拉挤工字形复合绝缘子芯体工艺过程的热传递和固化模拟  

作　　者：路振华 周松松 周军 杜怡君 李鹏[1] LU Zhenhua;ZHOU Songsong;ZHOU Jun;DU Yijun;LI Peng(School of Materials Science and Engineering,Beijing University of Chemical Technology,Beijing 100029,China;China Electric Power Research Institute,Beijing 100192,China)

机构地区：[1]北京化工大学材料科学与工程学院,北京100029 [2]中国电力科学研究院有限公司,北京100192

出　　处：《复合材料科学与工程》2025年第3期121-129,共9页Composites Science and Engineering

基　　金：国家电网有限公司总部管理科技项目(5500-202255114A-1-1-ZN)。

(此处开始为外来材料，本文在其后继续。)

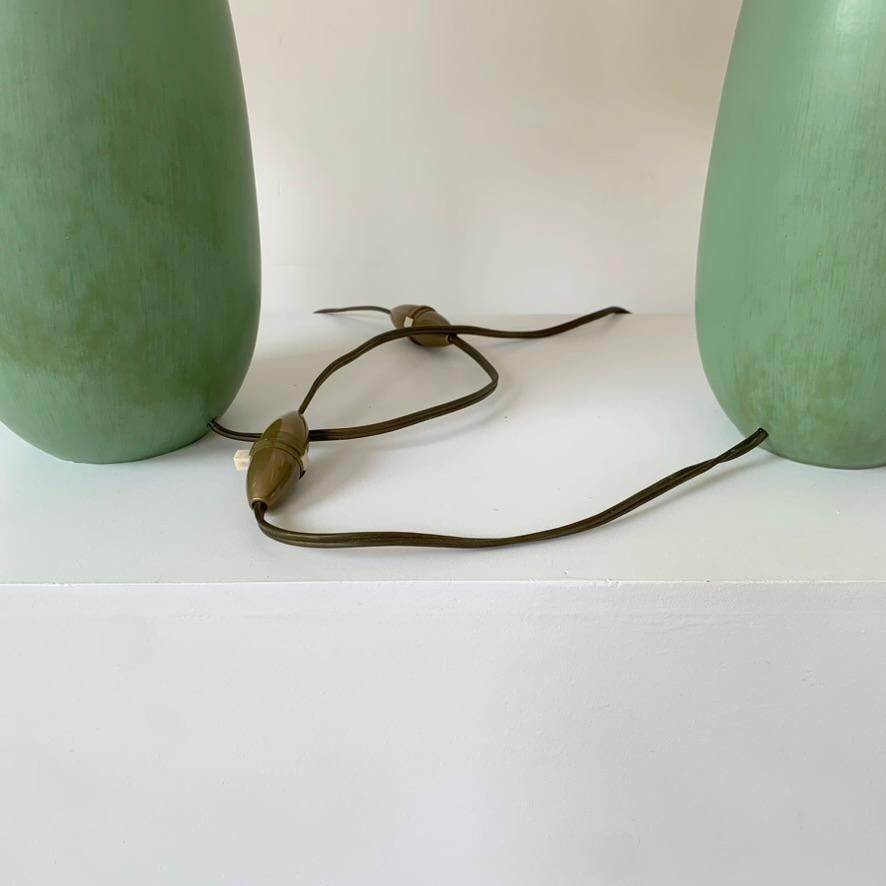 Paire de lampes de table en céramique vertes signées Vallauris, circa 1950, France. en vente 3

摘　　要：通过COMSOL软件对复合材料绝缘子芯体的拉挤工艺进行有限元模拟,本研究旨在调整和优化工艺参数,并为实际生产提供参考。将基体树脂的固化放热等效为内热源,对复合材料拉挤过程中的温度场和固化度场进行耦合,模拟芯体截面不同位置处的温度和固化度变化。通过模拟分析圆形和工字形截面芯体在相同工艺参数下的差异,重点考察了拉挤速度、模具温度和初始物料温度等参数对工字形芯体温度和固化度的影响。结果显示,与圆形截面芯体相比,工字形芯体显示出更小的温度梯度、更快的固化速率和更优异的固化度。有限元模拟为工字形芯体拉挤工艺参数提供理论参考,将模拟得到的最佳工艺参数应用于实际生产后,成功获得了致密均匀的环氧树脂基复合材料芯体,且实际生产结果与模拟结论一致。Finite element simulation of the pultrusion process of composite insulator cores is carried out by COMSOL software,and this study aims to adjust and optimize the process parameters and provide reference for actual production.The curing exotherm of matrix resin is equated as an internal heat source,and the temperature field and curability field in the composite pultrusion process are coupled to simulate the temperature and curability changes at different locations of the core cross-section.By simulating and analyzing the difference between circular and H-shaped cross-section cores under the same process parameters,the effects of parameters were highlighted.The results show that the H-shaped core exhibits a smaller temperature gradient,faster cure rate,and superior curability compared to the circular cross-section.The finite element simulation provides theoretical reference for the pultrusion process parameters of the H-shaped core.After applying the optimal process parameters obtained from the simulation to the actual production,a dense and uniform epoxy matrix composite core was successfully obtained,and the actual production results were consistent with the simulation conclusions.

关 键 词：复合材料 工字形芯体 拉挤工艺过程 热传递和固化模拟 工艺参数 

分 类 号：TB332[一般工业技术—材料科学与工程]